Target dependancy is output of a command - docker

I've got a Makefile with a docker recipe which builds a docker image by doing make docker. The recipe looks like this:
# Build the docker file
docker: .setup ${GOBLDDIR}/docker-image
I wanted to set this up so that the docker file isn't rebuilt if everything is up-to-date, so I set up the ${GOBLDDIR}/docker-image dependancy. That dependancy is just a text file with the docker image ID. Here's that recipe, which actually does the docker build:
# DO THE DOCKER BUILD
${GOBLDDIR}/docker-image: ${GOBLDDIR} ${GOSRCFILES} go.mod Makefile Dockerfile
# Vendor our dependencies so we don't have to download them in the docker container
go mod vendor
# Wherever the config lives, we need it to be in the Docker build context
mkdir -p ./.docker-files
cp ${TFOUT} ./.docker-files/config.json
# The go app is actually compiled within this dockerfile
docker build . -t ${GOCMD} --build-arg AWS_PROFILE=${AWS_PROFILE} --build-arg SVC=${GOCMD} --build-arg VERSTR=${VERSTR}
docker images ${GOCMD} -q > ${GOBLDDIR}/docker-image
docker tag ${GOCMD}:latest ${GOCMD}:dev
docker tag ${GOCMD}:latest ${GOCMD}:${VERSTR}
# Clean up the crap we created just to build the Dockerfile
rm -rf vendor/
rm -rf ./.docker-files
Maybe this is an insane design - feels that way to me. There are certianly times when it doesn't work. I'm open to other ideas.
In particular, is there a way to make a dependency not be a file, but be the result of a command? For example, something like: docker inspect -f '{{ .Created }}' MY_IMAGE_NAME?
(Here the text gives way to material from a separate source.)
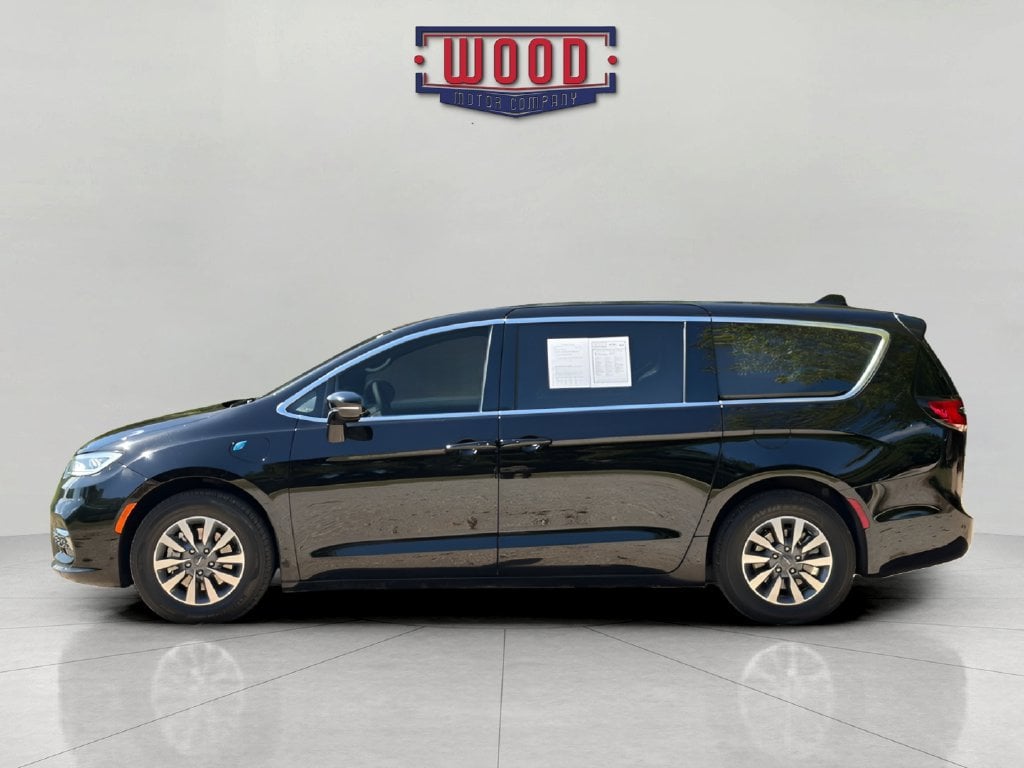 Used 2025 Chrysler Pacifica Hybrid Select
Your approach is generally a good approach. You can add checking not necessarily for the timestamp of creation time, but whether the image is actually the one that you previously built (someone else may have built a newer image with a different contents that may not reflect your repository anymore).
In general make decides whether to make a target or not by comparing timestamps of dependencies, so they are most commonly files. The list of dependencies may be manipulated however with some logic, which allows you to run arbitrary checks.
In your scenario you already store the image ID in a file. This may now be used to check whether the current image ID is the same that we built previously. We may compare output of the same command (extracted to a variable for DRY-ness) with the stored contents upon dependencies evaluation; if they do not match, we issue dependency of FORCE which is .PHONY and therefore always out of date, effectively triggering target remake:
$ cat Makefile
docker-id = docker image ls -q $(DOCKER_IMAGE)
docker-image: Dockerfile $(if $(findstring $(shell $(docker-id)),$(file <docker-image)),,FORCE)
docker build . -t $(DOCKER_IMAGE)
$(docker-id) > $#
.PHONY: FORCE
Output:
# Initial image build
$ make docker-image DOCKER_IMAGE=test
docker build . -t test
Sending build context to Docker daemon 7.168 kB
Step 1/2 : FROM alpine
---> 965ea09ff2eb
Step 2/2 : RUN echo 16517
---> Running in 6a9601225516
16517
---> 54b651cb8912
Removing intermediate container 6a9601225516
Successfully built 54b651cb8912
docker image ls -q test > docker-image
# No files changed, image exists
$ make docker-image DOCKER_IMAGE=test
make: 'docker-image' is up to date.
# Changing Dockerfile forces rebuild
$ touch Dockerfile
$ make docker-image DOCKER_IMAGE=test
docker build . -t test
Sending build context to Docker daemon 7.168 kB
Step 1/2 : FROM alpine
---> 965ea09ff2eb
Step 2/2 : RUN echo 16517
---> Using cache
---> 54b651cb8912
Successfully built 54b651cb8912
docker image ls -q test > docker-image
# Mismatched id forces rebuild
$ echo foobar > docker-image
$ make docker-image DOCKER_IMAGE=test
docker build . -t test
Sending build context to Docker daemon 7.168 kB
Step 1/2 : FROM alpine
---> 965ea09ff2eb
Step 2/2 : RUN echo 16517
---> Using cache
---> 54b651cb8912
Successfully built 54b651cb8912
docker image ls -q test > docker-image
# Missing image forces rebuild
$ docker image rm test
Untagged: test:latest
Deleted: sha256:54b651cb8912a5d2505f1f92c8ea4ee367cdca0d3f8e6f1ebc69d0cf646ca72c
Deleted: sha256:3749695bf207f2ca0829d8faf0ef538af1e18e8c39228347f48fd6d7c149f73a
$ make docker-image DOCKER_IMAGE=test
docker build . -t test
Sending build context to Docker daemon 7.168 kB
Step 1/2 : FROM alpine
---> 965ea09ff2eb
Step 2/2 : RUN echo 16517
---> Running in 70f8b09a92b3
16517
---> 8bdfdfff9db2
Removing intermediate container 70f8b09a92b3
Successfully built 8bdfdfff9db2
docker image ls -q test > docker-image

Related

What causes a cache invalidation when building a Dockerfile?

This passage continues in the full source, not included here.